We zip through clusters of travelers, over suitcases and along glass corridors until, seemingly minutes later, my guide has transformed into an elegant and smiling Japan Airlines flight attendant. She leads me to my seat by the window; almost immediately we’re taking off for the southern tropical island of Amami Oshima in the first leg of my journey with the Japan Explorer Pass. Two hours whizz by and we’d begun our descent onto the island, which glittered like a green jewel through the rain.

Fast is really fast in Japan.

Once on firm ground, I was greeted with thick, warm air cut through with cool rain. In an instant everything slowed.
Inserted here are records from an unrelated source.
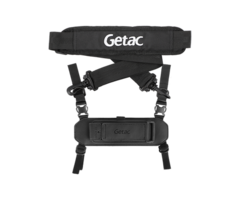 GETAC Getac Handschlaufe, drehbar, Ständer | GMHRXK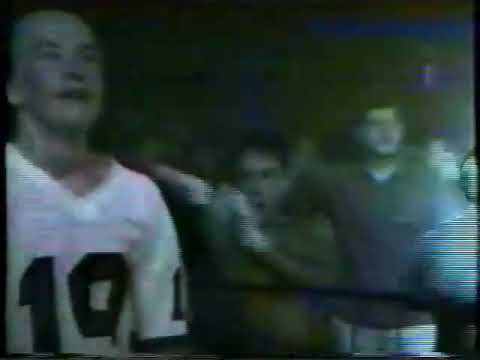 DJ Dukee & MC Adi ] FRIDAY [ "Welcome Back Party" 1996 - Łódź, Hala Sportowa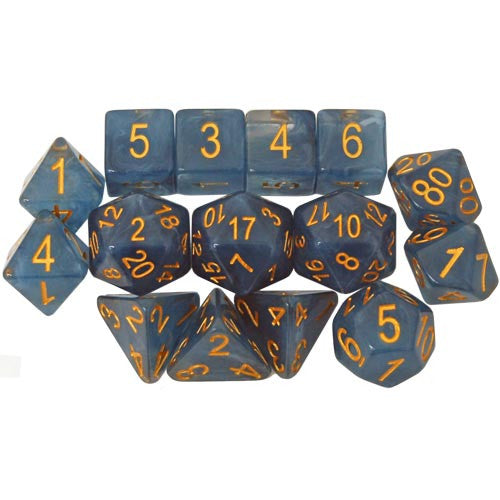 R4I 50606-FB ITEM IMAGE 2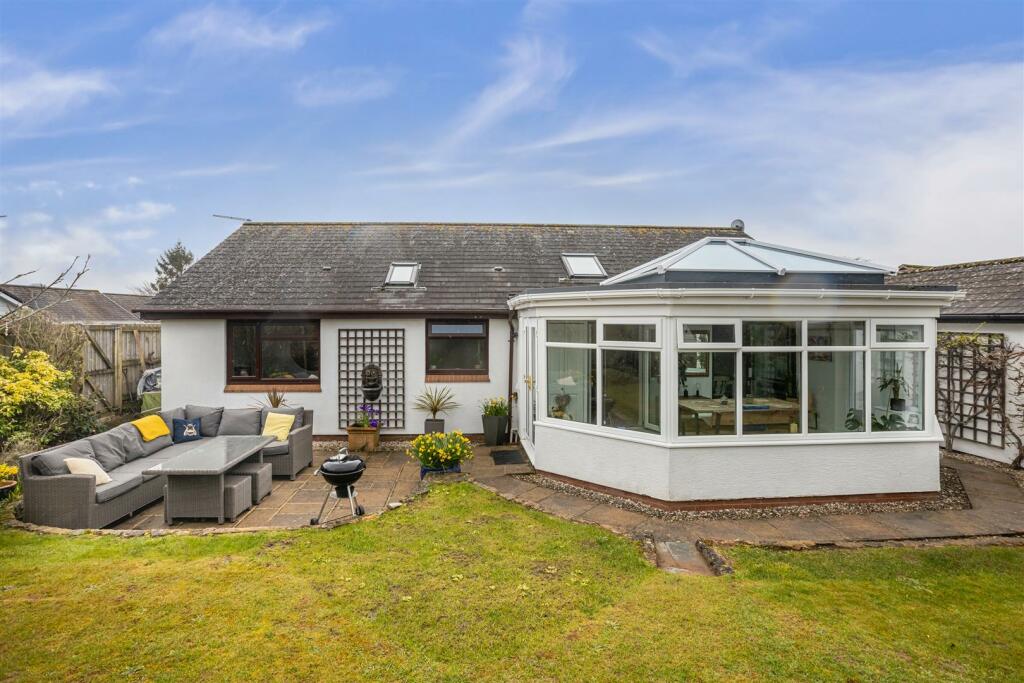 A09 - 7 Mapledene Close, Stoke Gabriel - 230321.jp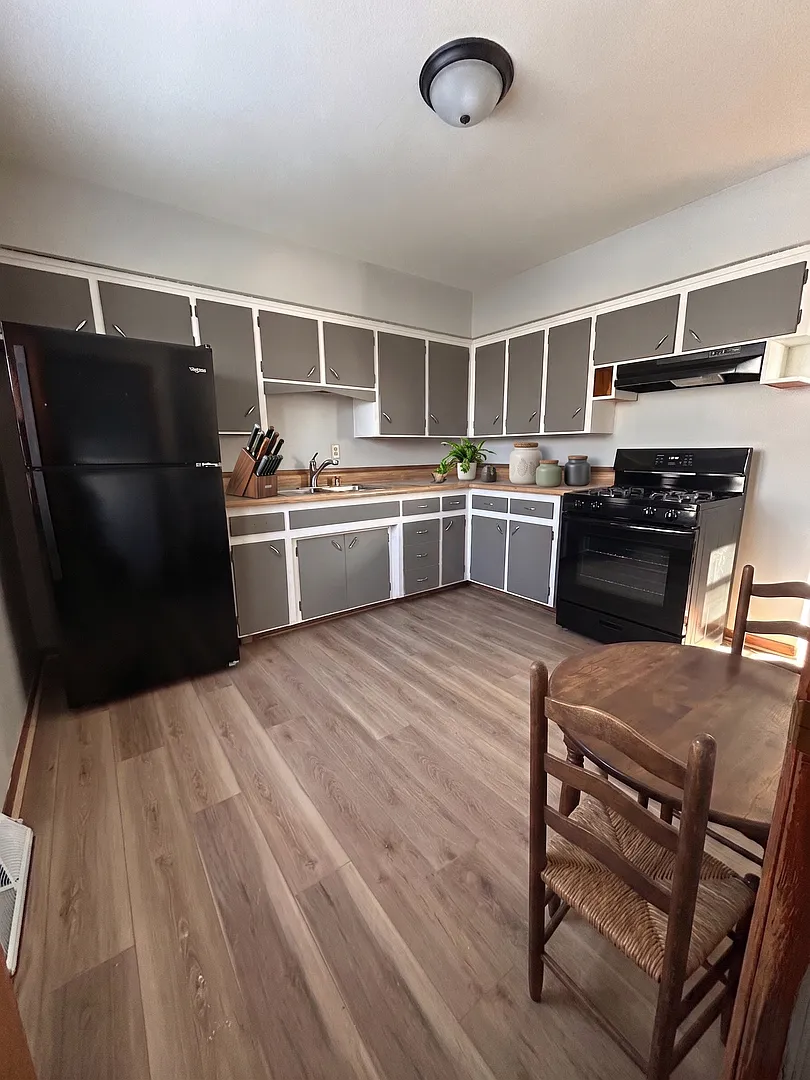 3-Bedroom Ranch House For Rent! Showings Starting 9/9/26 — Photo 4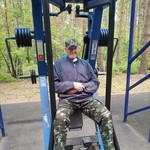 �������, 44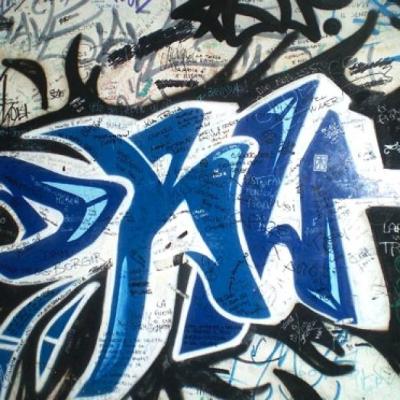 Bassanonet.it Di padre in figlie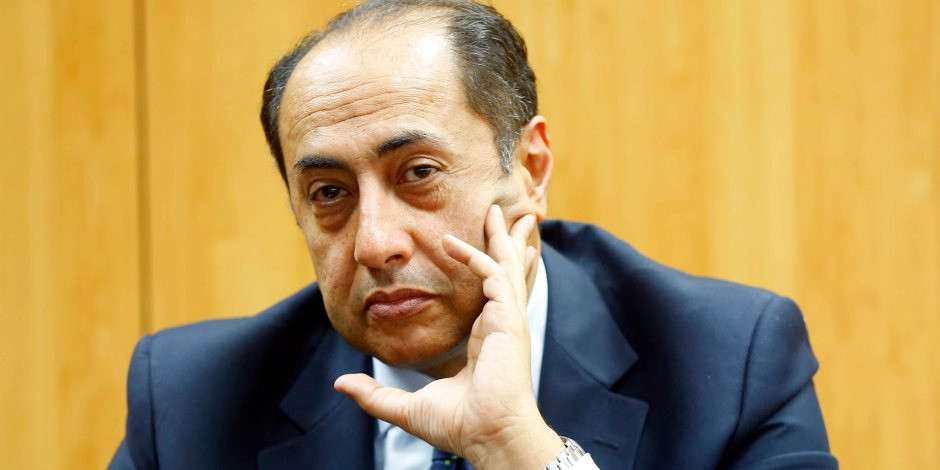 الجامعة العربية تدخل على خط الأزمة اللبنانية وتبدي استعدادها للتسوية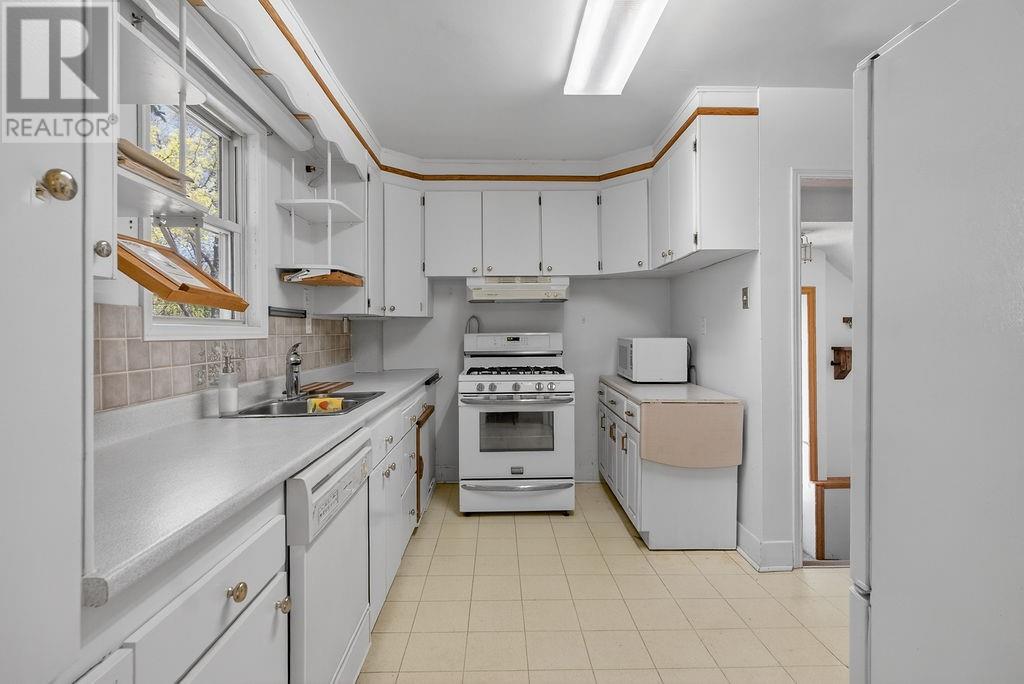 793 Charlotte Street, Sudbury, Ontario  P3E 4C1 - Photo 3 - 2128059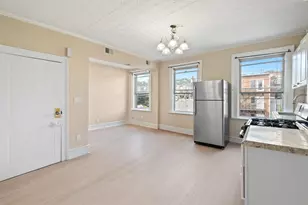 276 4th St, Jersey City, NJ 07302 - Photo 2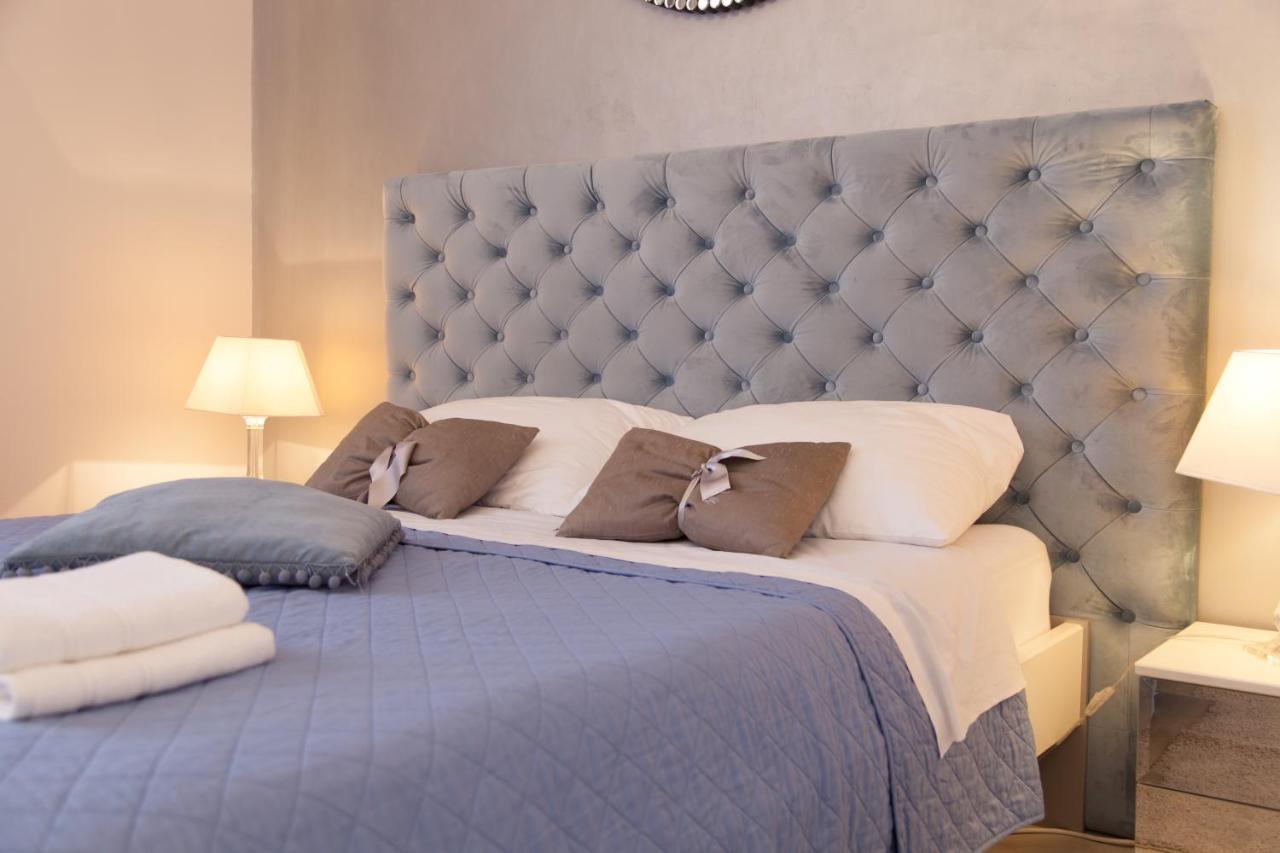 Split Dreams Apartment Εξωτερικό φωτογραφία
We had entered a different time zone, a different Japan.

Textile traditions

I met my guide and we stuffed our bags, and ourselves, into the tiny rental car before heading along the volcanic road to Oshima Tsumugi Village. Framed by the rumbling monsoon sky, the village was a collection of whitewashed wooden buildings where the local art of tsumugi dying and weaving is ritually preserved. The smell of wet leaves and paint impregnated in wood was everywhere. Various painted yarns were hanging to dry. Using only natural paint in the three available colors: deep blue, curry yellow and muddy brown, the master at work – a wrinkled man with a wry smile – introduced us to this centuries-old technique behind some of Japan’s most beautiful fabrics. Communication easily switched to entertainment, especially when my guide and her language tools were at a distance from me and my sensei. Luckily for me, the Japanese have a good sense of humor.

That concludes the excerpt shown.